WORK TASK:
Locate the line bearing "Cable SATA/m - SATA/m 90° Down 0.7m" in the material below, then reproduce it and each following line up to and including the line bearing "WARDA Saunaaufgusskonzentrat 5".

INFORMATION SHOWN:

BEGIN

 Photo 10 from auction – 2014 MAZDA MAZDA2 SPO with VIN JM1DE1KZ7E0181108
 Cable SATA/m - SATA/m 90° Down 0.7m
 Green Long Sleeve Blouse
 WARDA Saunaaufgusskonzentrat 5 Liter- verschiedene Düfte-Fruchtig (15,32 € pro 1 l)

END
BEGIN

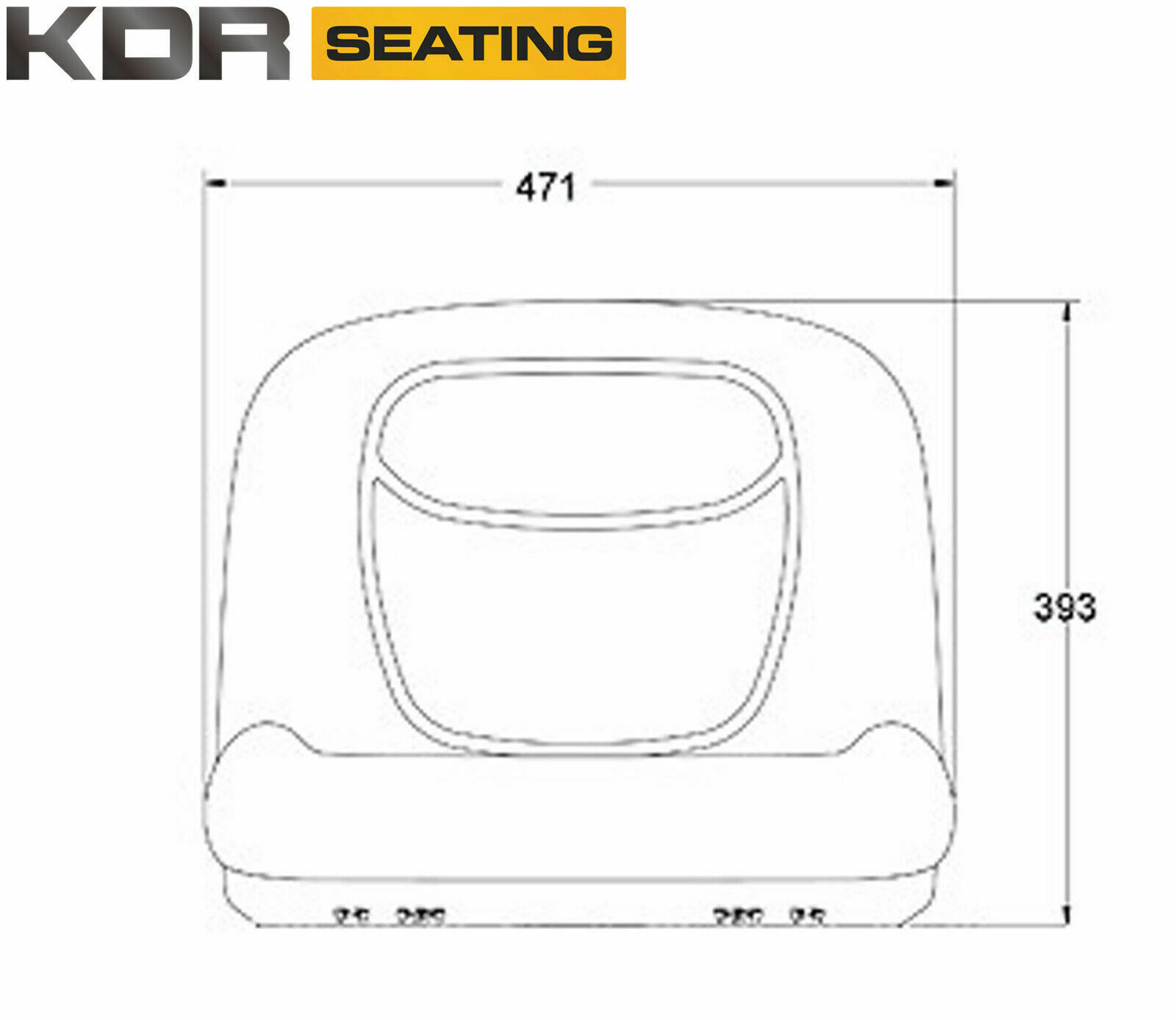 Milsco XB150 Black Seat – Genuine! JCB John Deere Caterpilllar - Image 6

END

ANSWER FOR THIS EXERCISE:
 Cable SATA/m - SATA/m 90° Down 0.7m
 Green Long Sleeve Blouse
 WARDA Saunaaufgusskonzentrat 5 Liter- verschiedene Düfte-Fruchtig (15,32 € pro 1 l)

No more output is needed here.